Among the significant new players to emerge in the past year is DONG Energy, a Danish firm that operates more than a dozen wind farms, including some of Europe’s largest.
The government-owned company has leased roughly 187,000 acres of federal waters about 15 miles south of Martha’s Vineyard in Massachusetts and recently announced intentions to seek a second federal lease in waters off New Jersey.
“Massachusetts has some of the best offshore wind conditions in the world, and the peak wind speeds match the peak demand times for energy, so that is why we see so much potential,” says Lauren Burm, a Boston-based spokeswoman.
OffshoreMW, which is owned by the private equity giant the Blackstone Group and has ties to a company that recently completed a wind farm in Germany’s North Sea, has also joined the fray in Massachusetts, securing federal development rights to an area near DONG’s lease. So, too, has Deepwater Wind.
Elsewhere, Renexia, an Italian company specializing in renewable energy projects, is backing a project about 15 miles off Ocean City, Maryland.
The new players are helping the industry move past the stumbles of Cape Wind, the once-high-profile project proposed for the waters off Cape Cod, Massachusetts, that never quite got off the ground. The project has been bogged down for years in a bitter and costly legal fight with wealthy property owners, including billionaire William Koch.
“To have steel in the water and to be talking about an existing domestic offshore wind industry is really critical,” says Nancy Sopko of the American Wind Energy Association, referring to Deepwater Wind’s Rhode Island project. “We’re talking about an industry that is here, not one that is coming.”
Matthew Morrissey, head of Offshore Wind Massachusetts, an industry advocacy group, says the expected closure of a number of coal and nuclear-powered energy plants in New England in the coming years also presents an opportunity for the industry. The region faces a major energy-production drop-off, and Morrissey says his industry is positioned to help fill that void.
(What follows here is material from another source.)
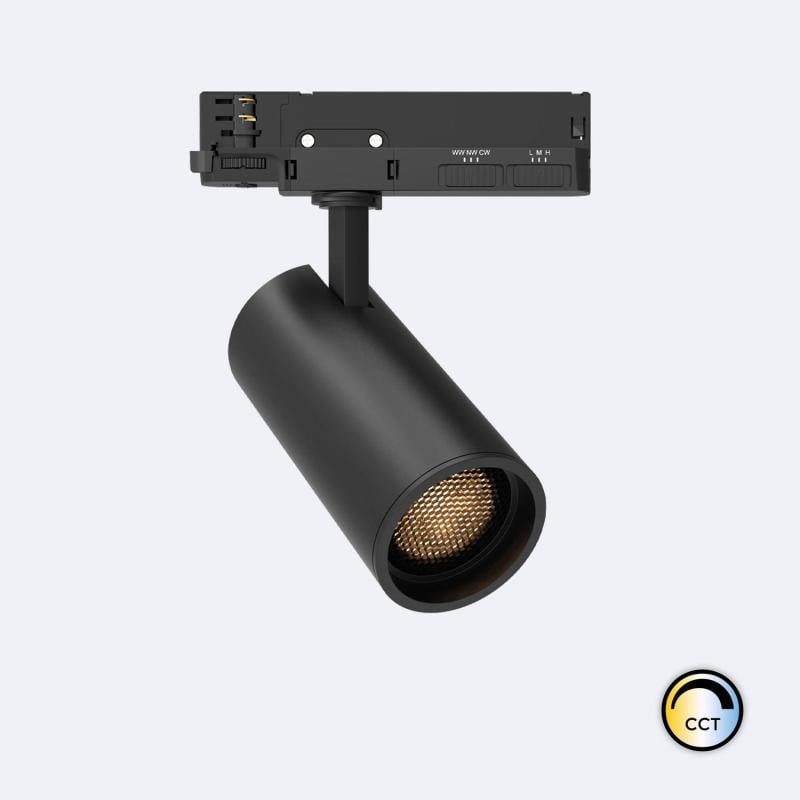 Foco Carril LED Trifásico 40W Fasano Antideslumbramiento CCT Seleccionable Regulable Negro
But Audra Parker, head of the Alliance to Protect Nantucket Sound, the opposition group fighting the Cape Wind project, says it remains to be seen how much power will cost from these offshore wind projects. Offshore wind power, she noted, is more costly to produce than natural gas or other forms of renewable energy like solar power or land-based wind turbines.
Martin, of D.E. Shaw & Co., says technological advances already in place in Europe — like larger, more powerful turbines — will help bring the cost of offshore wind power down, though he and other developers have so far declined to say by how much, citing the competitive nature of the business.